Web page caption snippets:
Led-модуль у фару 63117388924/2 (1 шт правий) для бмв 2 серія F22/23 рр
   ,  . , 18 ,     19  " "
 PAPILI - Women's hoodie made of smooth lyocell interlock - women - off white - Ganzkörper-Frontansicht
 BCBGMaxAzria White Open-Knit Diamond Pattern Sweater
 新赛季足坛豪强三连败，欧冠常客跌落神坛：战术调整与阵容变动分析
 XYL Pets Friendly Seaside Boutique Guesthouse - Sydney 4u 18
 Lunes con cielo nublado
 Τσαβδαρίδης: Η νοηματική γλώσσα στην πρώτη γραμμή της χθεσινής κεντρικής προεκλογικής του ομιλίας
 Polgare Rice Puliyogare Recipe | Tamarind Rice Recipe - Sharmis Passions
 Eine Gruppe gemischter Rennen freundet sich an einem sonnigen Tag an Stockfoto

WHAT YOU SHOULD DO:
Copy the records above exactly, beginning at the line that contains "PAPILI - Women's" and stopping after the line that contains "Τσαβδαρίδης: Η νοηματική".

SOLUTION TO THIS PROBLEM:
 PAPILI - Women's hoodie made of smooth lyocell interlock - women - off white - Ganzkörper-Frontansicht
 BCBGMaxAzria White Open-Knit Diamond Pattern Sweater
 新赛季足坛豪强三连败，欧冠常客跌落神坛：战术调整与阵容变动分析
 XYL Pets Friendly Seaside Boutique Guesthouse - Sydney 4u 18
 Lunes con cielo nublado
 Τσαβδαρίδης: Η νοηματική γλώσσα στην πρώτη γραμμή της χθεσινής κεντρικής προεκλογικής του ομιλίας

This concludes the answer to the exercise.